Если мы хотим вернуть порядок не только аксиологии, но и онтологии исполнения желаний, мы должны написать не «Тристана и Изольду», а сказку. А когда вместо фильтров морально-аксиологического оптимизма мы наденем на наши объективы только «эмпирические» фильтры, то получится научная фантастика. Это означает, что в принципе можно уже обо всем узнать и все понять, но ничего больше. Мы познаем жизнь, но ничего не узнаем об обязанностях. Жизнь (бытие) – это единый порядок; обязанности в состоянии относительности разрываются противоречиями, они испытывают давление со стороны результатов познания и сущности натуры человеческой. Поэтому для научной фантастики бытие прежде всего есть, а ценностные характеристики уже мы в него вкладываем. То есть бытие «само по себе» ничего не значит вне сферы деятельности людей или «иного Разума». Разумеется, никакие авторские приемы не могут учесть фактической суммы параметров реальности, потому что они бесконечны; можно, однако, у читателя книги вызвать ощущение, что они учитываются. Такое произведение называется реалистическим.
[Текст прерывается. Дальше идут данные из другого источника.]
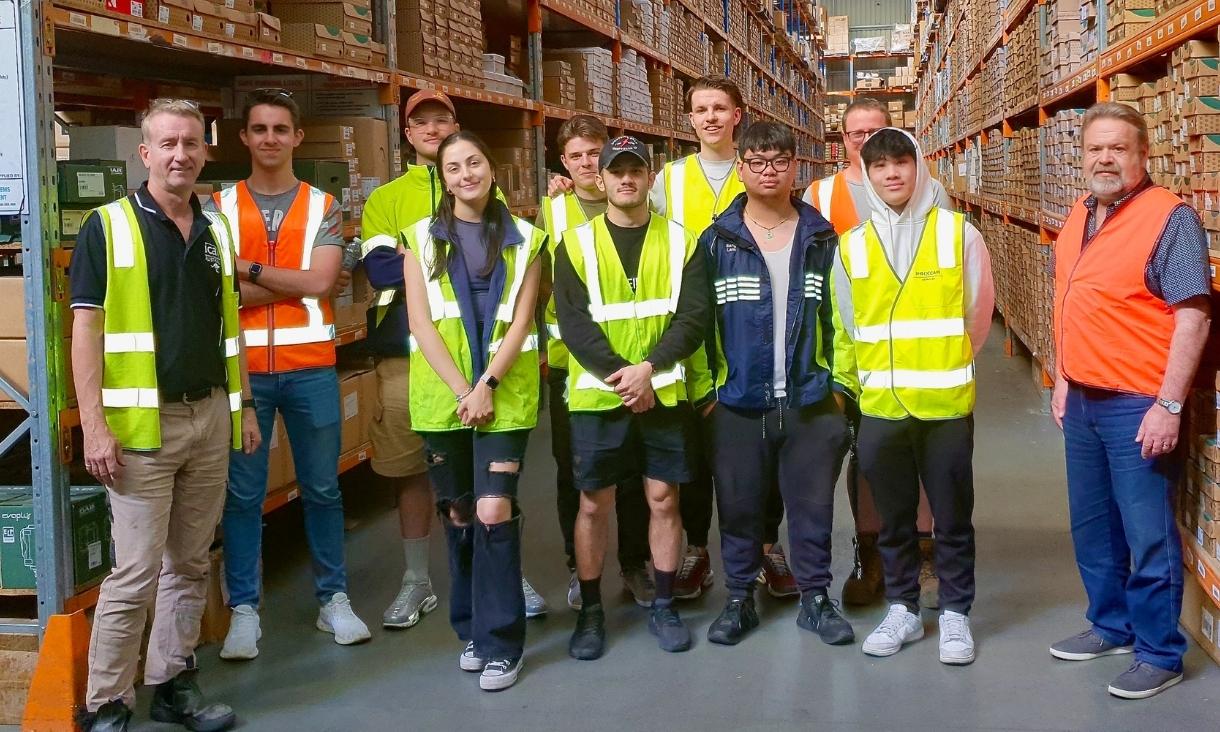 Group of students and teachers wearing hi-vis vests in warehouse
В этом смысле научная фантастика показывает то, что малоправдоподобно, однако осуществимо в принципе; а гипотезу правдоподобную и осмысленную выдвинул бы ученый, утверждая, что когда-то между Землей и Марсом находилась еще одна планета, и если бы она не распалась на мелкие осколки, наблюдаемые как пояс астероидов, то ее околосолнечное положение могло бы сделать ее колыбелью жизни белковых форм при условии, что ее химический состав был бы близок к Земле. Это «если бы» гипотетически оправданно, а более смелыми «если бы» такого типа занимается научная фантастика.
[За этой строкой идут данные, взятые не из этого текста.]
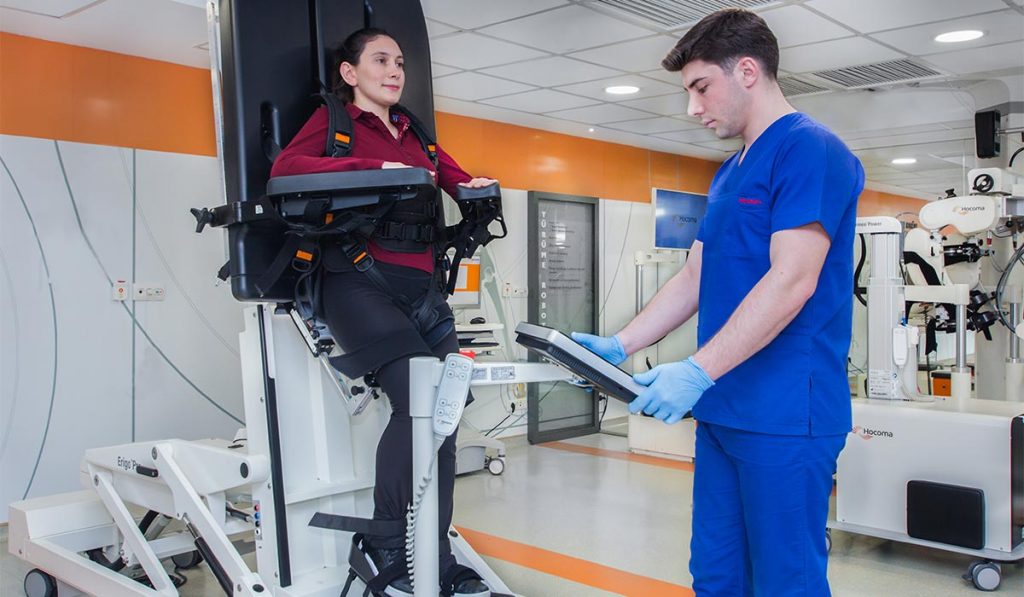 Erigo Pro Robotik Yatak teknolojisi hastanın kontrollü bir şekilde dik pozisyona getirilmesini ve robotik teçhizatları ile pasif bir şekilde felçten sonra yürümek sağlanabilir.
Нам остается еще выяснить, значат ли что-то эти вымышленные миры научной фантастики, если они трактуются как эмпирические гипотезы, и если да, то что именно. Ведь объективно они ничего не значат, как ничего не значит Галактика: она просто существует. Но когда человек начинает завоевывать Галактику, он оказывается втянутым в процессы и явления, которые его исходную аксиологию, его мораль, традиции, весь его мир понятий подвергнут мощному давлению, деформации, дисторсии, которые уже будут иметь для человека значительные последствия как эффект столкновения с Непознанным, с Непредвиденным, например, разрушение одних укоренившихся оценок и появление новых подходов и, возможно, как слезы отчаяния от ощущения разрушающейся семантики, неадекватной масштабам космической миссии и поэтому расползающейся по швам. Одно только понимание, на каком месте «нормативной кривой психозоического расклада» находится человечество в Космосе, может иметь огромное значение. Кто мы? «Трава Вселенной», банальная посредственность, отклонение от нормы? Если отклонение, то какое: позитивное или негативное? А может быть, «кривая расклада» не так упрощенно одномодальна? Ясно одно: тот, кто поймет фактическое положение вещей в рамках данной проблематики, будет исходить не из собственных убеждений и представлений, а обратится к эмпирической истине. Фантастика же, со своей стороны, вместо истины в этой области предлагает нам гипотезы, которые одновременно являются оценочными актами. Если мы говорим женщине, что она совершенна, добра, умна и красива, то это констатация фактического положения вещей. Но если мы безадресно утверждаем, что, мол, такие женщины встречаются, то наше суждение до момента предъявления доказательств его истинности или мнимости оказывается не только эмпирической гипотезой, но также утверждением о существовании связей между различными психофизическими свойствами человека, суждением, которое через установление определенной «аксиологической когерентности» само является оценочным (потому что такое положение вещей мы считаем чем-то идеальным, совершенным).